### EXERCISE PROMPT:
Below is a listing to repeat exactly, with its pictures left out.

### PROVIDED MATERIAL:
□ □ □
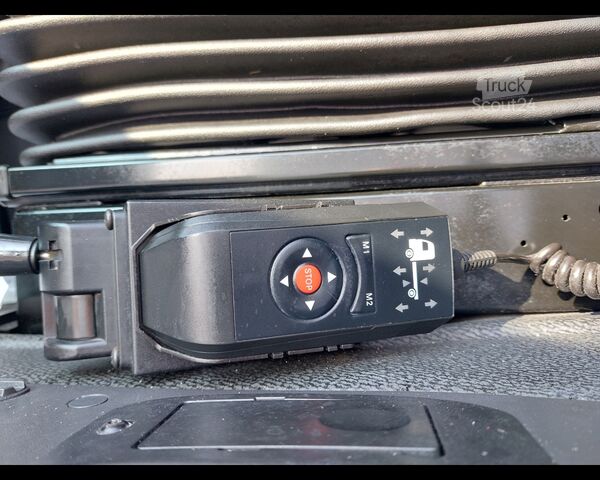 Štandardný ťahač MERCEDES-BENZ Actros L 18 4x2 - Actros L 1852 LS 4x2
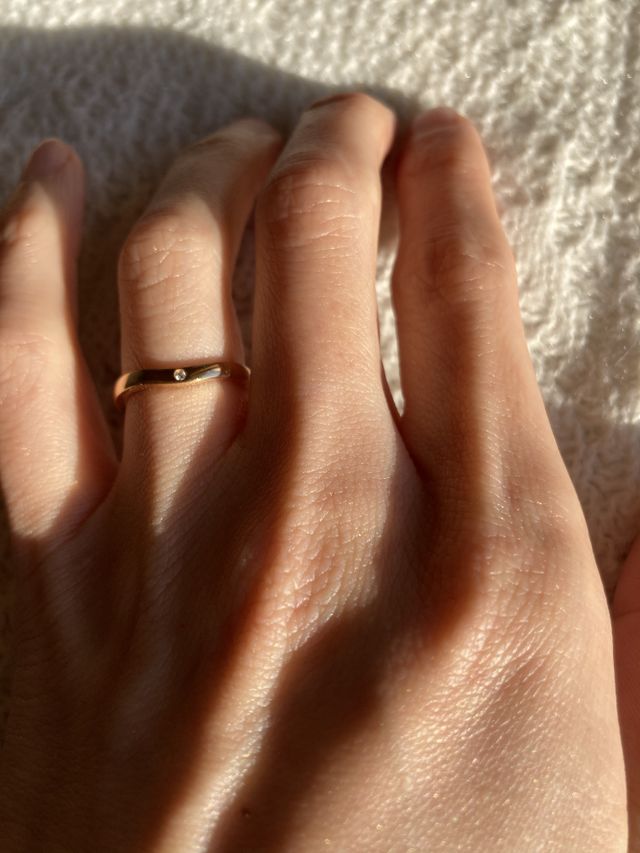 バレリーナカーブの中心にダイヤモンド1石がとても美しいです。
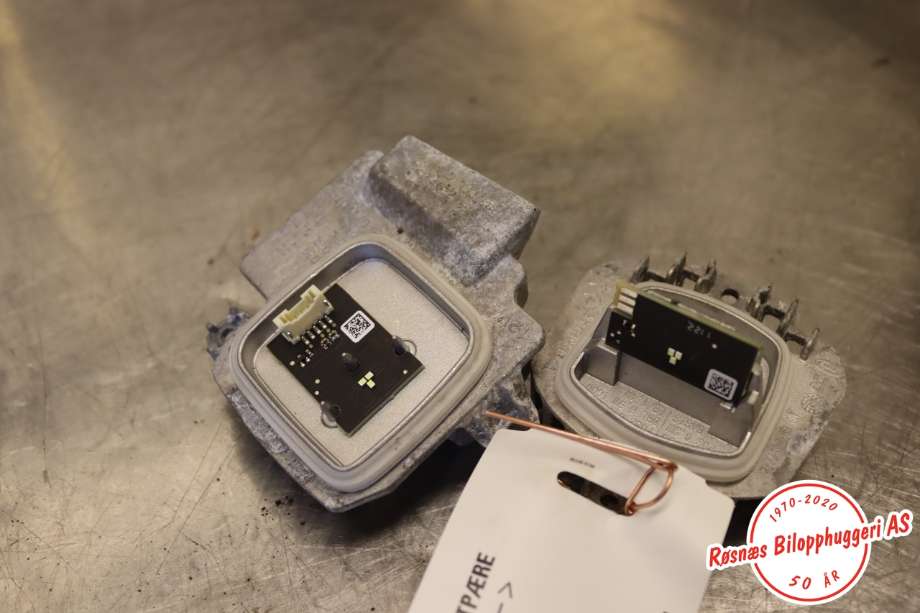 Diverse deler til BMW i4, 2021-->> (G26) (G26) (BMW|63 11 9 851 048)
□ □ □
### OUTPUT FOR THIS TASK:
 Štandardný ťahač MERCEDES-BENZ Actros L 18 4x2 - Actros L 1852 LS 4x2
 バレリーナカーブの中心にダイヤモンド1石がとても美しいです。
 Diverse deler til BMW i4, 2021-->> (G26) (G26) (BMW|63 11 9 851 048)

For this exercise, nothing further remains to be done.